══ Extracted records

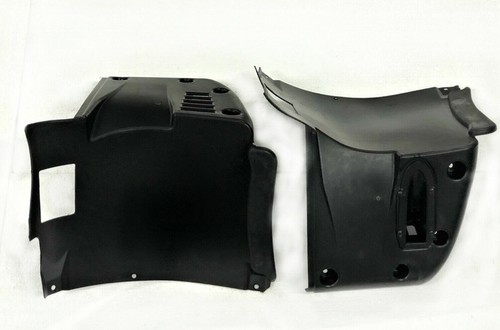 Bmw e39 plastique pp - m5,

════
══ Extracted records

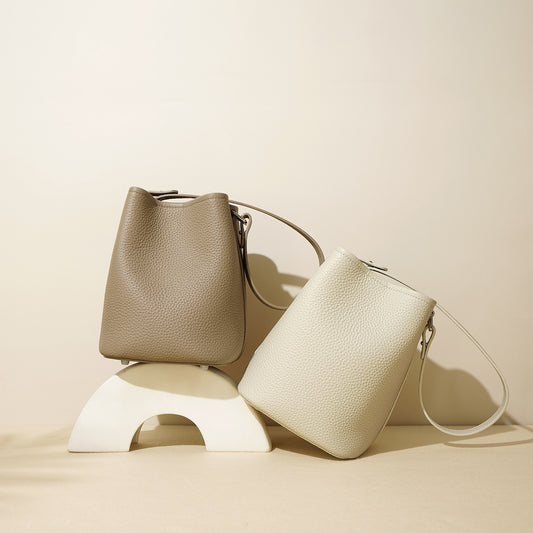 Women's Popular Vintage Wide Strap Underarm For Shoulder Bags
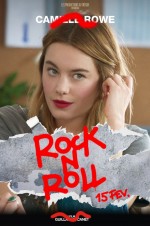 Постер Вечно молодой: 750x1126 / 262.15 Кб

════
══ Extracted records

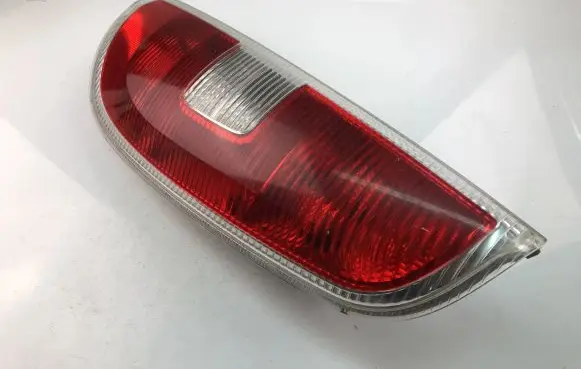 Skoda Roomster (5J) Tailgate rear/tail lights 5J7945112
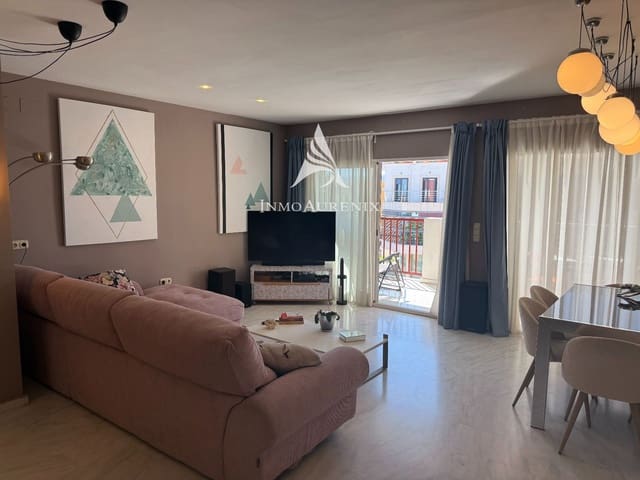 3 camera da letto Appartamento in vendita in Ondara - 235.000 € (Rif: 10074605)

════

* Problem requirements
For the material above, give again only the lines starting at the line that contains "Women's Popular Vintage" and ending at the line that contains "Постер Вечно молодой: 750x1126 / 262.15 Кб". Pictures do not belong in the copy.

* Exercise result
 Women's Popular Vintage Wide Strap Underarm For Shoulder Bags
 Постер Вечно молодой: 750x1126 / 262.15 Кб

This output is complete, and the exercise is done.